Durante más de 17 siglos, Santa Cecilia ha sido una de las mártires de la Iglesia primitiva más veneradas por los cristianos. Siendo una de las 7 mujeres conmemoradas en el canon de la Misa, excluyendo a la Santísima Virgen María. Su fiesta se celebra el 22 de Noviembre en la Iglesia Católica Romana, en la Iglesia Católica Oriental, en la Iglesia Ortodoxa Oriental y en la Iglesia Anglicana.
Las «actas» de la santa afirman que pertenecía a una familia patricia de Roma y que fue educada en el cristianismo. Solía llevar un vestido de tela muy áspera bajo la túnica propia de su dignidad, ayunaba varios días por semana y había consagrado a Dios su virginidad. Su nombre ‘Caecilia’ era como un gentilicio de los ‘Caecilii’ y su raíz está relacionada a ‘caecus’, que significa ciego, pero las leyendas y hagiografías lo han interpretado erróneamente como un nombre personal, pero hay otras curiosas etimologías, como la que sugiere Geoffrey Chaucer en su obra ‘The Second Nun’s Tale’:Lirio del Cielo. Es el camino para los ciegos, la contemplación del cielo y la vida activa, como si se tratara de un cielo que contemplar para los que carecen de ceguera. Existe una orden de las Hermanas de Santa Cecilia, que son las que rasuran a los a los borreguitos, utilizando el pelo para los palios de los nuevos arzobispos metropolitanos. El Papa bendice a los corderitos cada 21 de Enero, en la fiesta de Santa Agnes, para ser criados por los monjes trapenses.
Se considera la patrona de los músicos y los coros. No obstante haber sido una mártir primitiva, su testimonio ha generado un rico legado de iconografía, arte y tradición a través de los siglos. Su historia continúa cautivando gran interés. Se ha dejado sentir su presencia en las más diversas manifestaciones artísticas y en las letras. John Dryden y Alexander Pope le dedicaron poemas.

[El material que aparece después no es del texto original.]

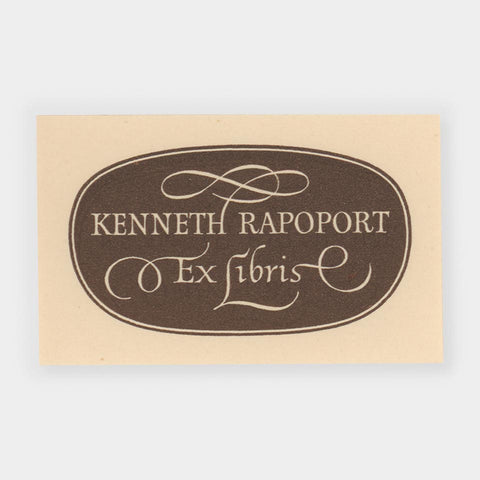 [144 bookplates by Leo Wyatt]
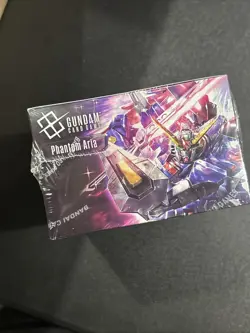Gundam Card Game - Phantom Aria Booster Box (GD04) - English Sealed - Image 4
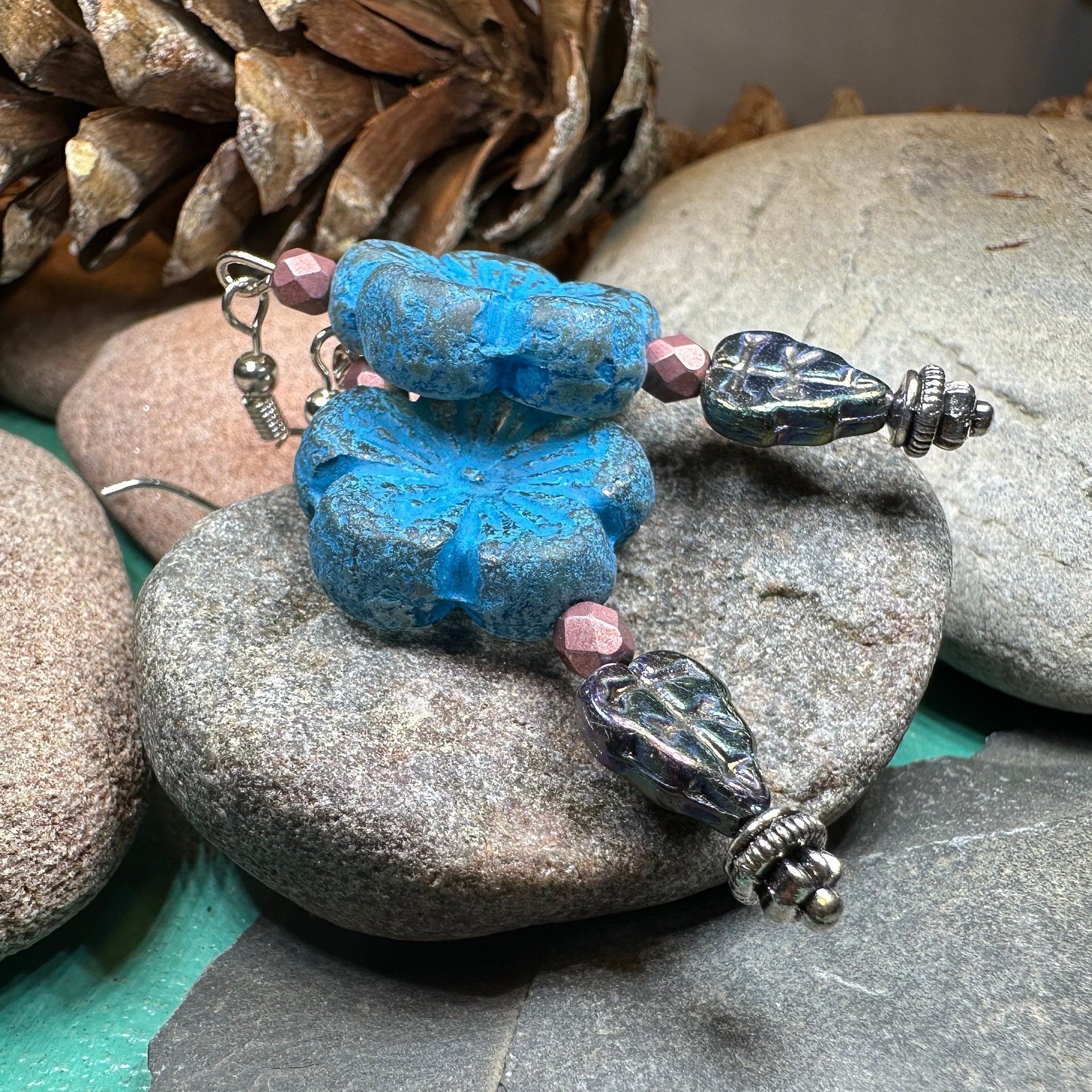 Celtic Meadow Earrings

George Frederick Handel inmortalizó su historia con su famosa Oda al Día de Santa Cecilia:
Hay más manifestaciones de su legado, Charles Gounod le dedicó su “Messe Solennelle de Sainte Cecile”; Henry Purcell también compuso su ‘Ode to St. Cecilia’s Day’; Benjamin Britten, que nació el Día de Santa Cecilia le compuso su himno; Herbert Howells le compuso otra pieza inspirándose en un texto de W.H. Auden; Frederick Magle compuso ‘Cantata a Santa Cecilia’; Gerald Finzi compuso “For St. Cecilia”, en su Op. 30 inspirado en los versos de Edmund Blunden. También entre los compositores contemporáneos, se ha dejado sentir la presencia de Santa Cecilia. Paul Simon le dedicó ‘The Coast’, donde relata la historia de una familia de músicos que encontraron refugio en el templo de Santa Cecilia. Paul Simon y Simon Garfunkel, aún siendo judíos, de corazón le dedicaron ‘Cecilia’, donde expresan su frustración al componer canciones. En el 2007, se relanzó un exitoso álbum de Elektra del 2003, llamado “The California Album. St. Cecilia-Remasterized’.

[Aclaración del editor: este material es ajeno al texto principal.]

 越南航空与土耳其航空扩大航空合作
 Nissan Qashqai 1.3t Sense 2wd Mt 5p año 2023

Consideremos cuál es la historia que generó este acerbo en producción literaria, musical, pintura, escultura, etc. Ella había consagrado su virginidad a Dios, pero su padre, que veía las cosas de un modo diferente, la casó con un joven patricio llamado Valeriano. El día de la celebración del matrimonio, en tanto que los músicos tocaban y los invitados se divertían, Cecilia se sentó en un rincón a cantar a Dios en su corazón y a pedirle que la ayudase. Cecilia parece enajenada; su corazón está suspendido por una música celeste, vestida con su ropaje de oro, en medio de la música de órgano, ella cantaba a Dios en su corazón diciendo: “Te ruego Señor que mi cuerpo permanezca inmaculado y no sea confundida”. Al ser conducida a la cámara nupcial, hacia el tálamo, Cecilia iba a dar el último paso hacia el peligro. Dos matronas guiaron sus pasos temblorosos. Arden los candelabros, brillan los tapices, fulguran las joyas….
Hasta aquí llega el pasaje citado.